The problem — An exact reproduction of the lines below, from the first through the one with "Hermes Clipper CL2.310", is the whole answer; pictures have no place in it.

Dataset extract —
+--

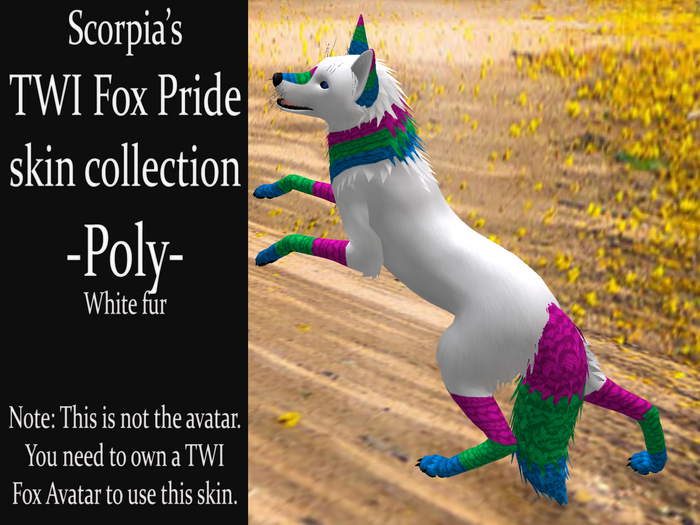 TWI Fox Skin Texture - PRIDE Poly White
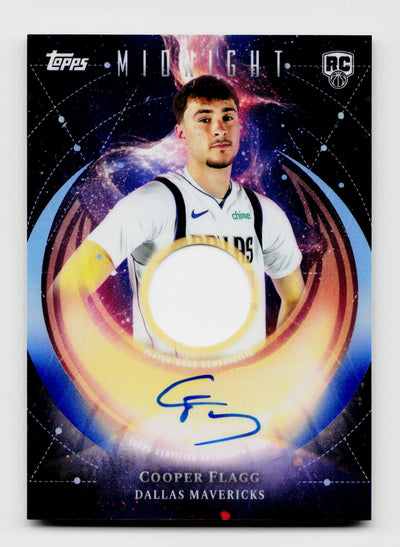 2025 Topps Midnight Cooper Flagg #RJA-CF Rookie Player-Worn Jersey Auto RC
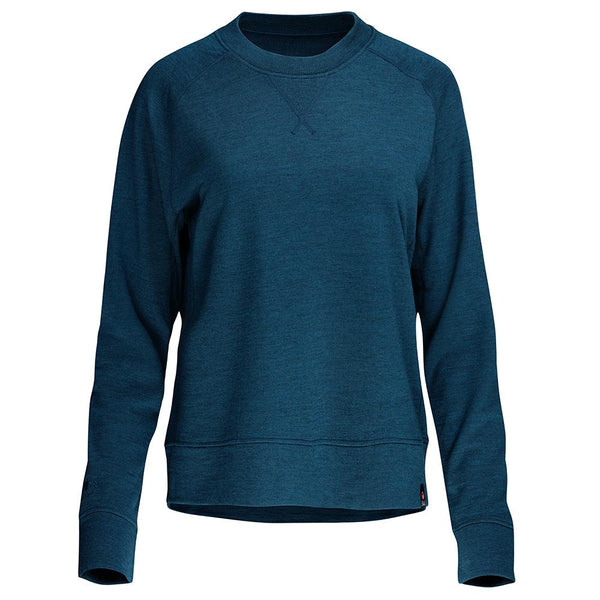 isobaa Womens Merino 260 Lounge Sweatshirt (Petrol)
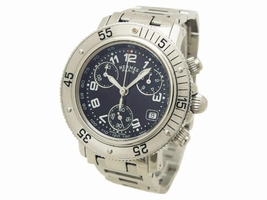 Hermes Clipper CL2.310 Stainless Steel Black Dial Quartz 34mm Womens Hermes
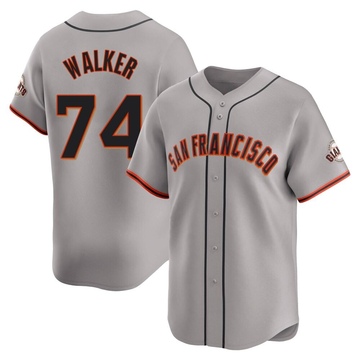 Gray Limited Ryan Walker Men's San Francisco Giants Away Jersey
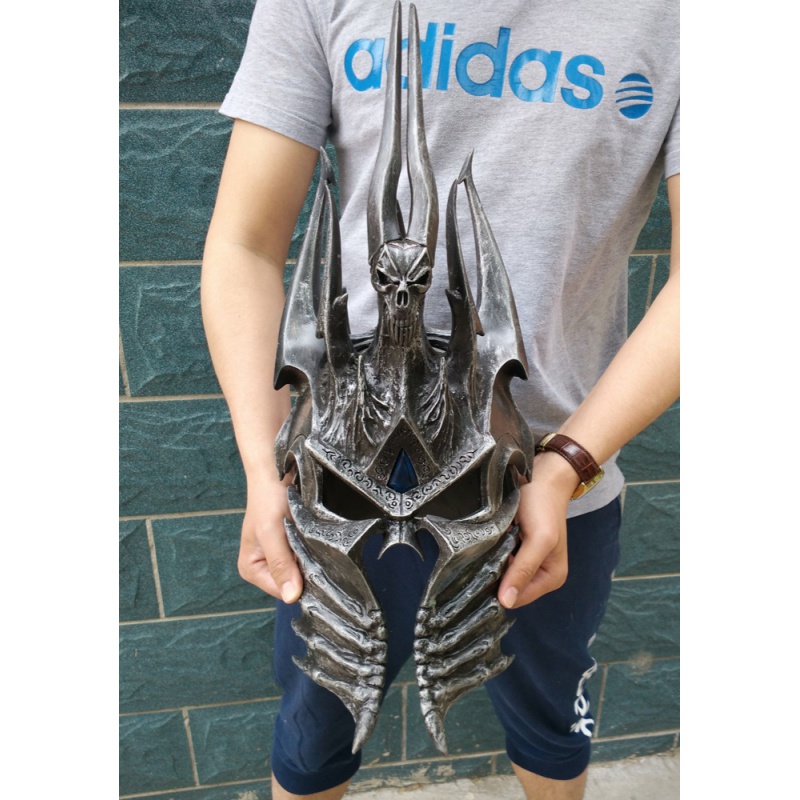 0巫妖王冠头盔1比1统御之盔金属模型雕像 统御之盔(9.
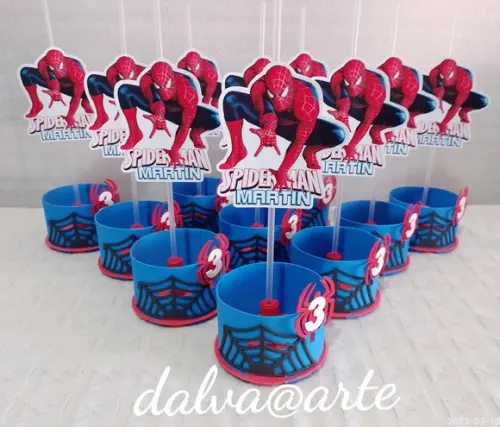 Centro de Mesa Homem Aranha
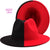 Colorblock Fedora Hat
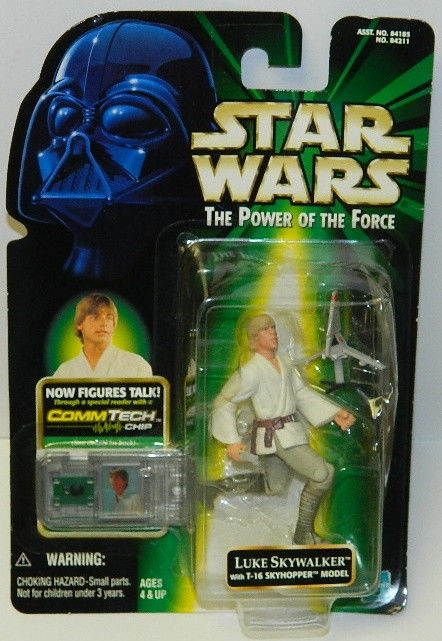 Primary image for Star Wars Luke Skywalker T-16 Skyhopper Figure 1999 HASBRO, NEW SEALED MIB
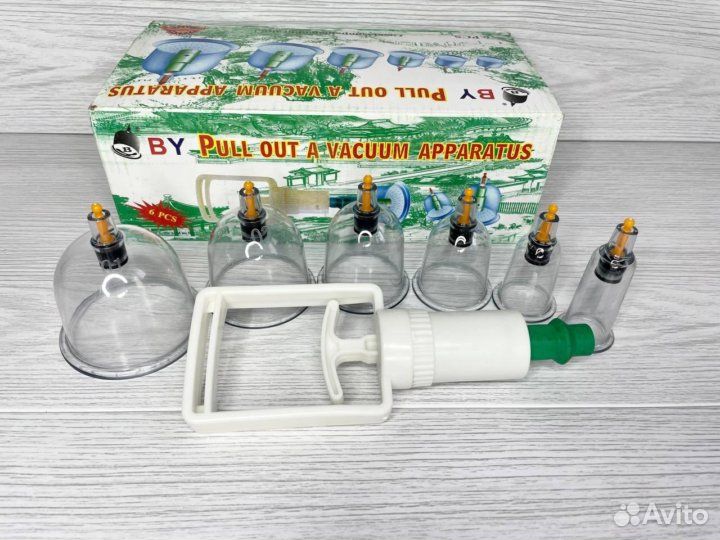 Вакуумные массажные банки 6/12 шт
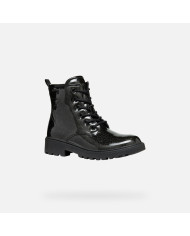 STIVALETTI GEOX BAMBINA J CASEY G. G - VERN.GLITTER BLACK 36 J9420G 000KC C9999/B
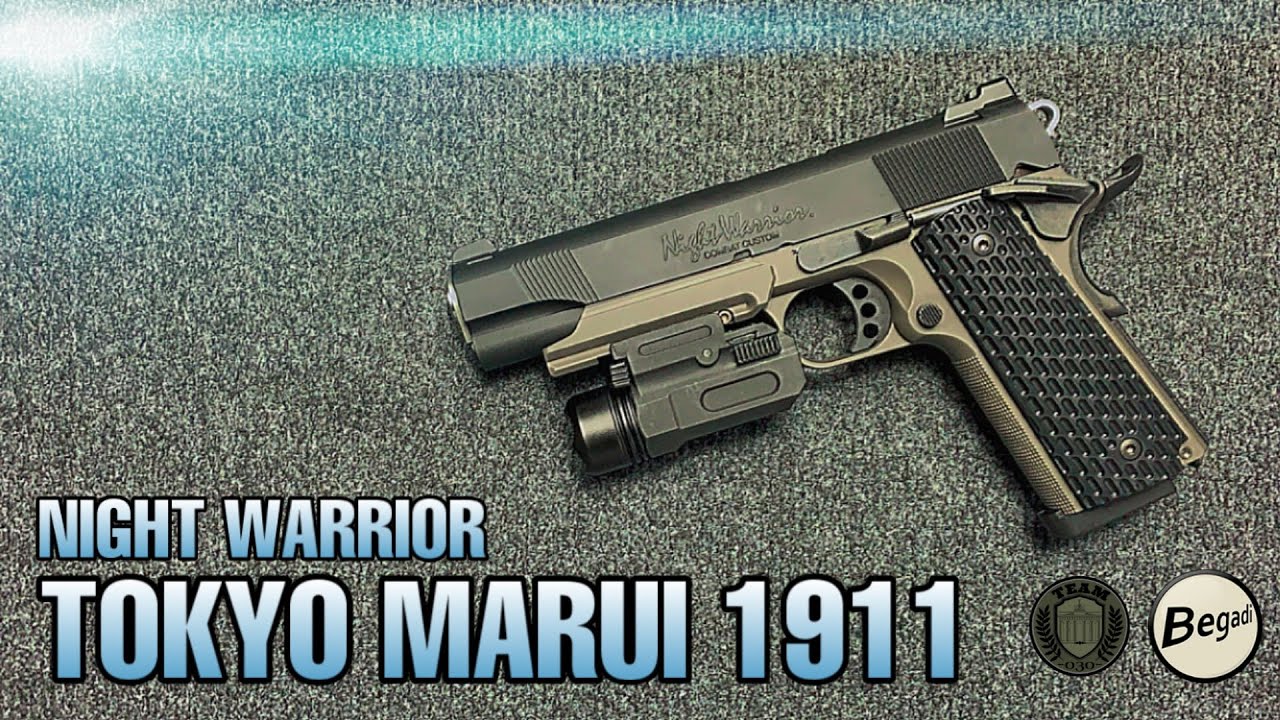 [REVIEW] TOKYO MARUI Night Warrior M1911 GBB Airsoft Pistole, Airsoft Backup, Colt 1911 Test deutsch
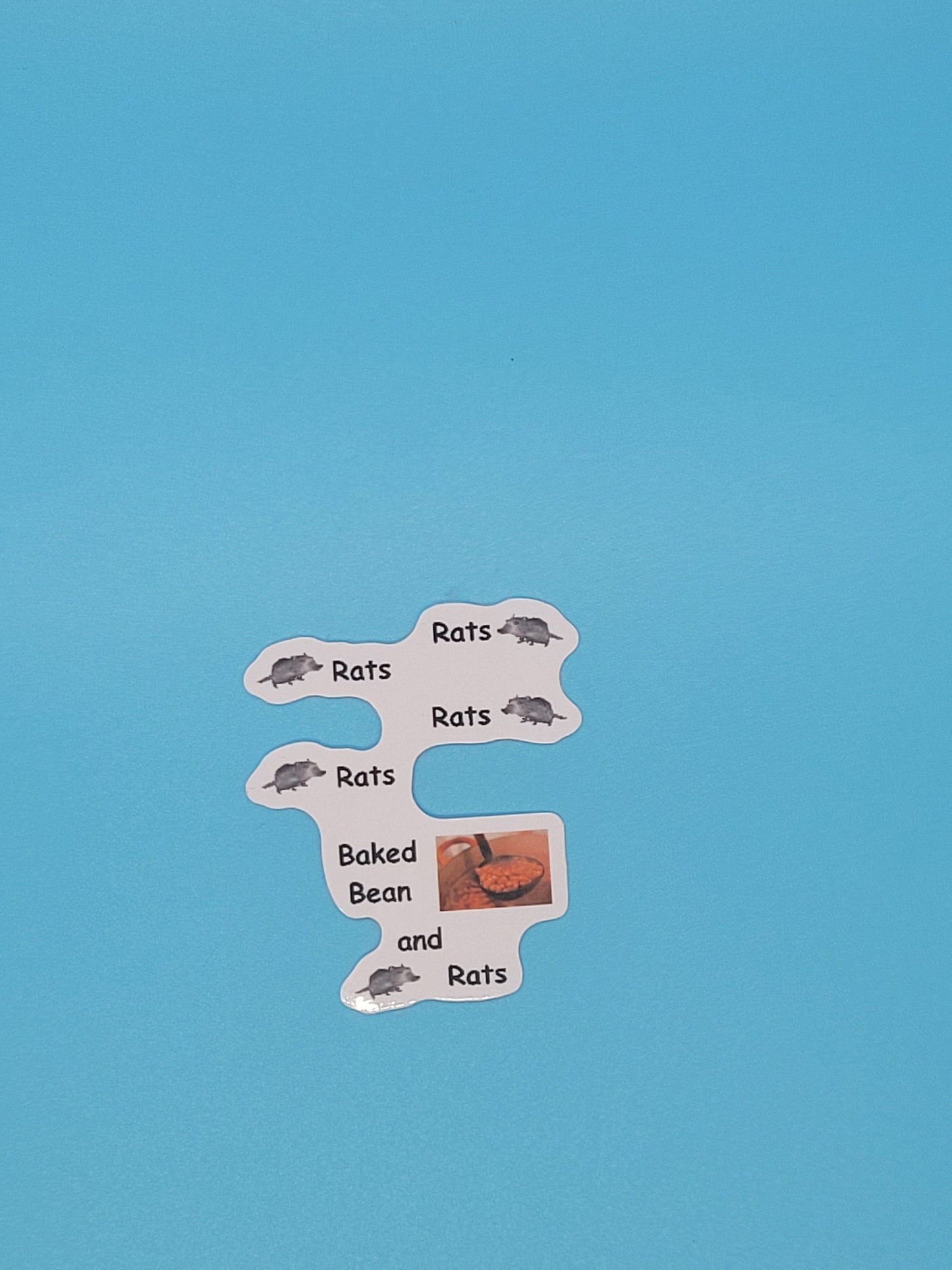 Jerma985 Rat Movie Meme Slogan Stickers- We're The Rats, Giant Rat, Baked Bean And Rats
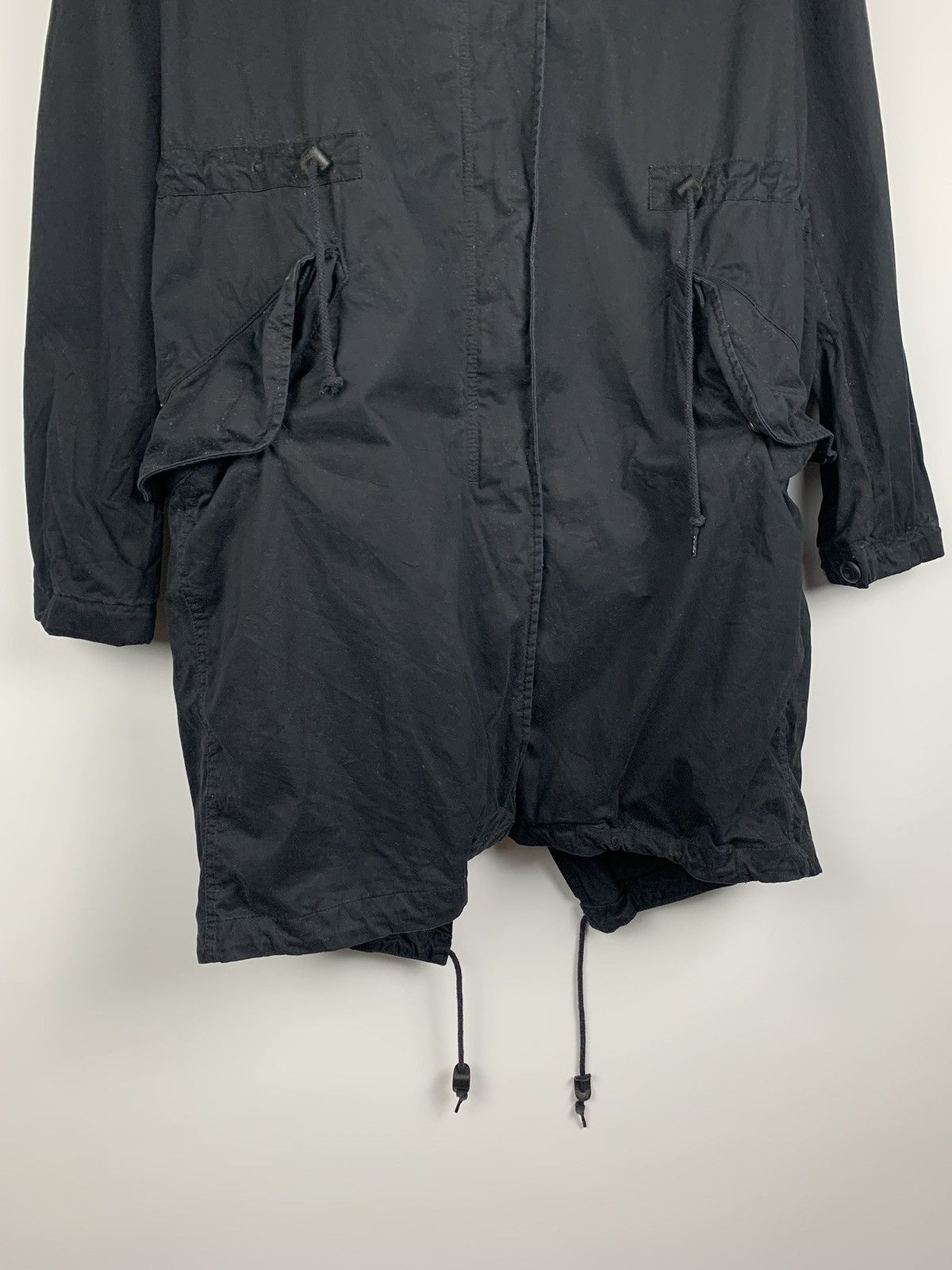 Allsaints Allsaints Caden Parka Coat Jacket Women’s Size 10 Black Top Size M / US 6-8 / IT 42-44 - 4 Thumbnail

+--

Answer section —
 TWI Fox Skin Texture - PRIDE Poly White
 2025 Topps Midnight Cooper Flagg #RJA-CF Rookie Player-Worn Jersey Auto RC
 isobaa Womens Merino 260 Lounge Sweatshirt (Petrol)
 Hermes Clipper CL2.310 Stainless Steel Black Dial Quartz 34mm Womens Hermes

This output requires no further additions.